While in foster care, I gained access to resources I never had, such as weekly and monthly allowances and clothing allowances. Another valued resource I gained access to was therapy and counseling. For the first time, I had someplace to talk through my emotions. I guess these were some of the few positive things I had to look forward to, even though I was being moved every few months. I quickly learned that some resource parents cared more about the “resources” they gained from fostering and not the resources provided to foster youth. In one situation, a resource parent coerced me into embellishing the details of my mental health during therapy sessions to convince my psychiatrist to prescribe psychotropic medication, which would increase the monthly check she received for me. In exchange, she would give me a $300 monthly allowance, but of course, this arrangement was short-lived. I noticed that whenever a foster parent was motivated by money, my time with them was always limited.

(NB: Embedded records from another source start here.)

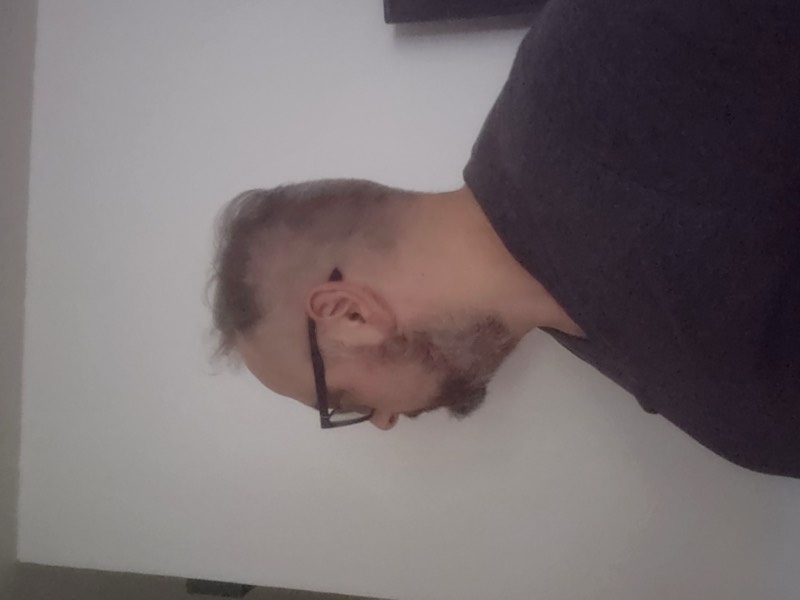 Profilo troppo marcato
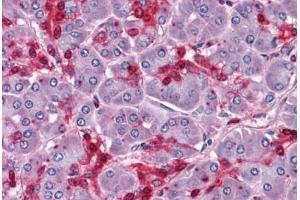 Human Pancreas: Formalin-Fixed, Paraffin-Embedded (FFPE) (HOXB7 抗体  (AA 55-121))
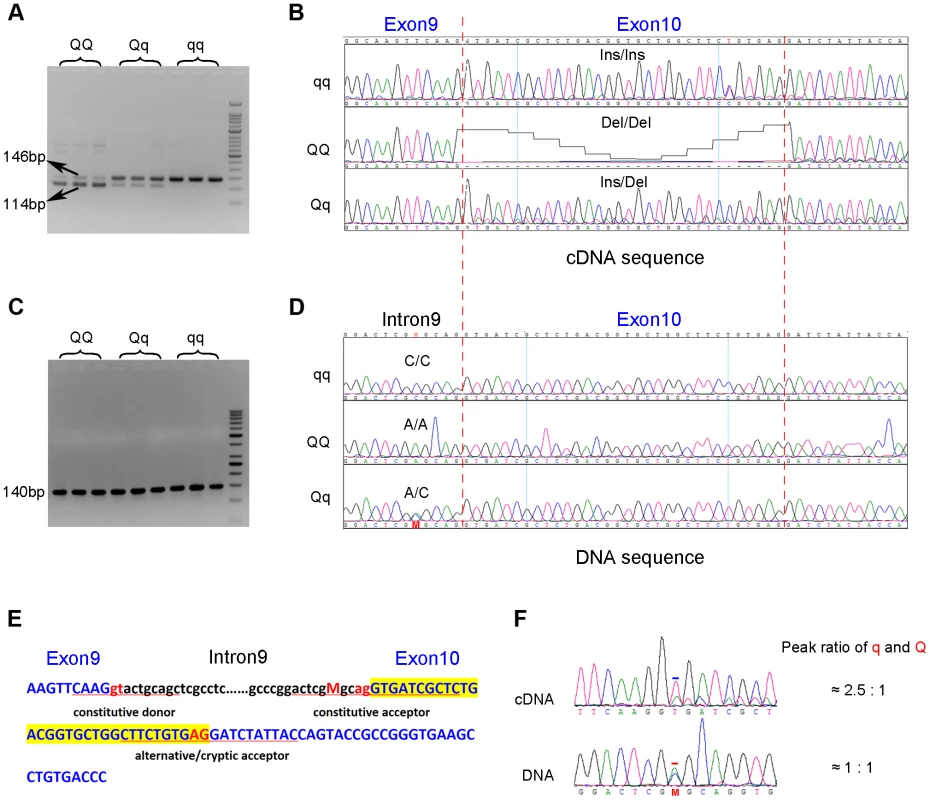 Identification of the g.8283C>A splice mutation in the <i>PHKG1</i> gene.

By 16, I was made a ward of the state and had lived with nearly 20 foster families and group homes. Honestly, the only positive influences around me were teachers, counselors, therapists, and group home staff. I was able to stay on the right track, for the most part, with the help of these influences. These were the people who held me accountable for my decisions, made me contemplate what I wanted out of life, and introduced me to enriching activities like playing chess, reading, and working out — things that I still find beneficial to this day. Being in foster care afforded me the opportunities to go to professional sports games from MLB to WNBA, experiences that I will always remember and hold near and dear to my heart. During those moments, I was proud to be a foster youth because I knew that the chances of me experiencing that outside of foster care most likely wouldn’t have happened.
Ultimately, my struggles with the fear of abandonment lead me to make decisions that landed me in a juvenile detention facility. I was a troubled teen who ran away often, ditched school, compromised placement opportunities, and eventually got involved in a street gang. After my second stint in juvenile hall, I was fortunate enough to be accepted into a group home in a good neighborhood. I was able to attend a continuation school where I was able to make up any credits I needed to graduate. Upon graduating, I attended a community college and took general education courses while I decided on a major. At 18, I was placed in an Independent Living Program, which is a program that pays 75% of the rent of emancipated foster youth until they are 25, as long as they maintain a job or remain in school. Programs like this helped me to get my first car and taught me a sense of responsibility and life skills.
Although most people would say my upbringing was unorthodox, these experiences shaped me into the man I am today — the man I was meant to become. We all experience the highs and lows of life, adversity, and trauma. Ultimately, we are faced with a constant decision of how we will allow these things to mold us. It’s up to the individual to decide whether they will be a victor or a victim of circumstances, including the circumstances that cultivate a foster youth.